Some thoughts on Industrializing Analytics


Some time back I wrote a post called “It’s time to industrialize analytics“. In an ongoing twitter conversation (I am @jamet123) I referenced it and provoked some interesting responses that seem worth addressing in more than 140 characters. The conversation was between @JAdP@deanabb, @merv, @ajbowles and myself and they are all worth following.

We spent some time discussing the analogy of furniture manufacturing as it applies to predictive analytic models. Too many models, I believe, are still produced using age-old (20+ years) hand crafted approaches with scripts, hand tuning, manual variable creation and much more. To make predictive analytics pervasive we need to industrialize this process and focus more on utility and less on craft. Finely crafted models are all well and good but the amount of economic value has to be considered. This is not to say that I believe all the art in models can or should be replaced with automation, only that this art and craft must be applied in a repeatable, manageable framework.
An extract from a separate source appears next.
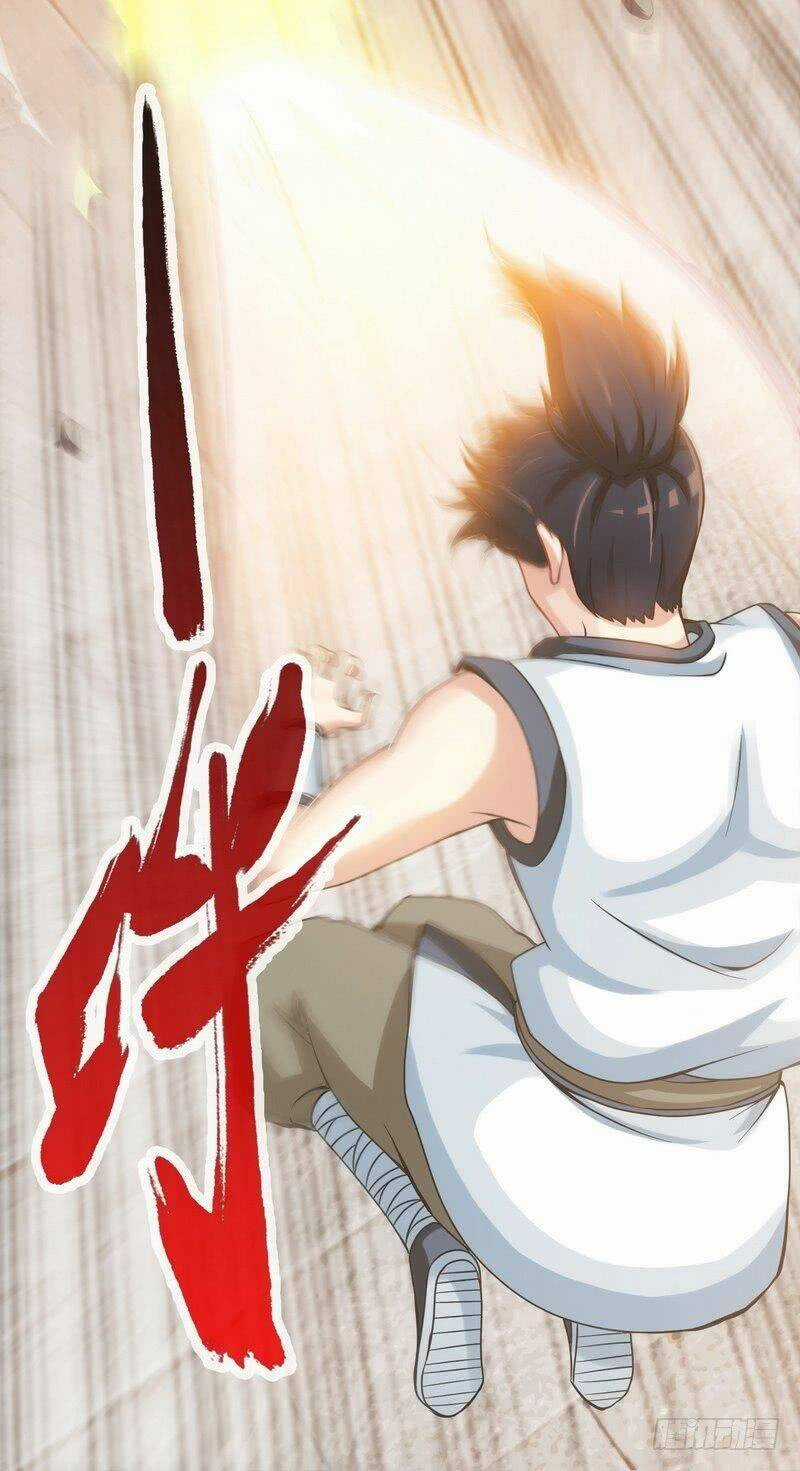 Chí Tôn Thần Ma Chapter 24 trang 9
Scripts become managed workflows, automation trawls through candidate variables, models are managed and monitored once deployed and so on.
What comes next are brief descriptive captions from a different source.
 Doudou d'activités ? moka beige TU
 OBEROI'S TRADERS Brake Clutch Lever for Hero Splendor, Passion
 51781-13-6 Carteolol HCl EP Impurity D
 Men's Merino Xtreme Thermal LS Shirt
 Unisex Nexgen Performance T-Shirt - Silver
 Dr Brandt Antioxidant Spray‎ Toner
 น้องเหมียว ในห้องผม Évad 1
One challenge raised with this approach is that “cookbook” models can be misapplied. This is true but not I think a function of an industrial analytic process. Quite the reverse in fact as the use of a more industrial mindset allows for more models to be built more quickly. This allows, for instance, a model for each customer segment instead of one for the whole portfolio.
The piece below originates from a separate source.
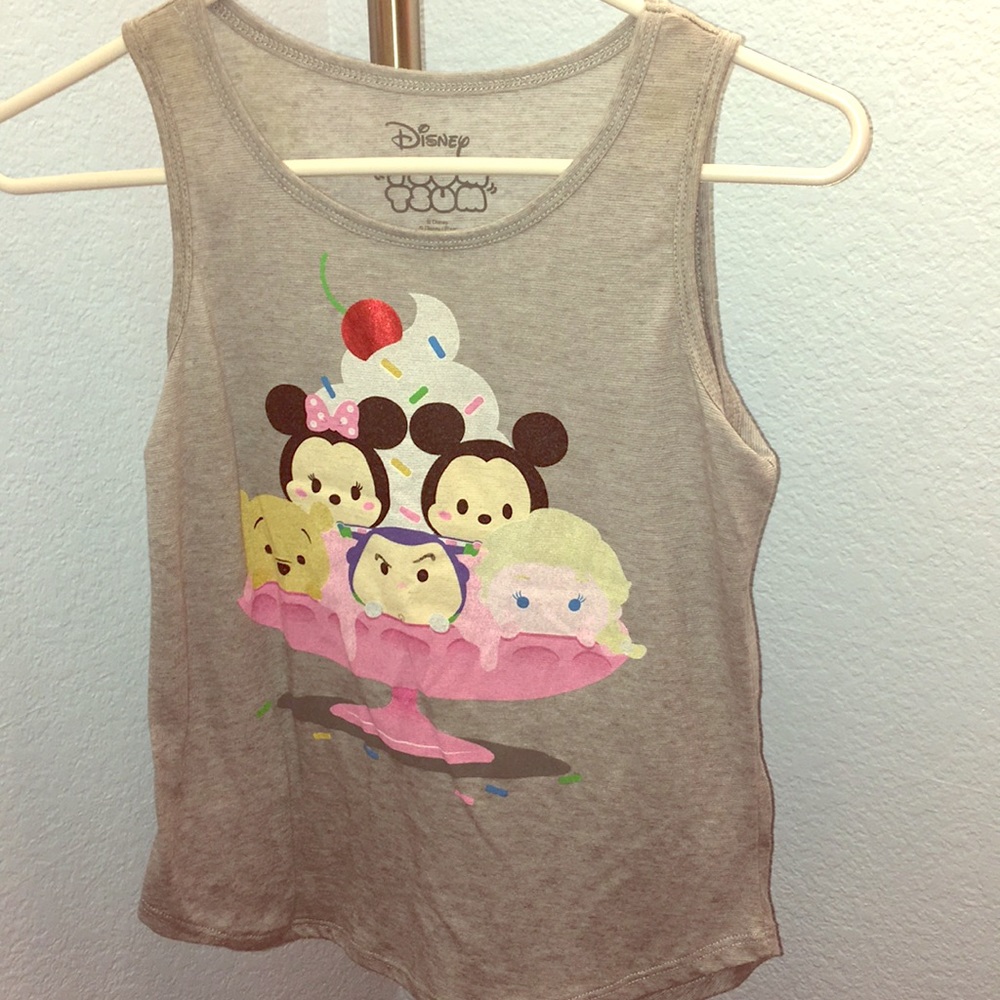 Tank top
There was some discussion that if one industrializes or engineers processes & practices then at some point there will be accountability issues. Again I think the reverse is true. For many current models the only record of how the model was produced is the script on the modelers PC. There’s no documentation, no repeatability, no shared or shareable assets. I believe that a modeled, managed, industrial process for analytics is fundamentally more accountable not less.

It should also be noted that many of the tools that support a more industrial mindset are able to bring the art to bear effectively also, allowing you to decide if the last little improvement in model accuracy is worth it for each model.

Finally there was some discussion of the tools available out there. I review a lot here of these on the blog including tools aimed at non-modelers like SAS Enterprise Miner Rapid Predictive Modeler, IBM SPSS Modeler Advantage, KXEN and Predixion as well as tools aimed at providing broad automation and effective “industrial” support to modelers such as KNIME, Statsoft and FICO Model Builder. Plus of course there’s a whole range of deployment options to “industrialize” the process of getting these models deployed.

All this and more will be covered in the  forthcoming report on Decision Management Systems platform technologies.


Comments on this entry are closed.

  • Jos Verwoerd February 2, 2012, 6:24 am

    James, fully agree with your assessment. There are a lot of excellent business opportunities lost because of the limited availability of models and of the tools and skills to create those models. Think of the value that could be created from data that is lying around useless in almost every company – big and small. Simple, plain, ‘average’ modeling would be a great starting point. It could add value immediately through automated decisioning and predictions. At Bigml’s we speak of ‘democratizing machine learning’, as a fascilitator for industrialized analytics. Looking forward to what all these developments will bring us.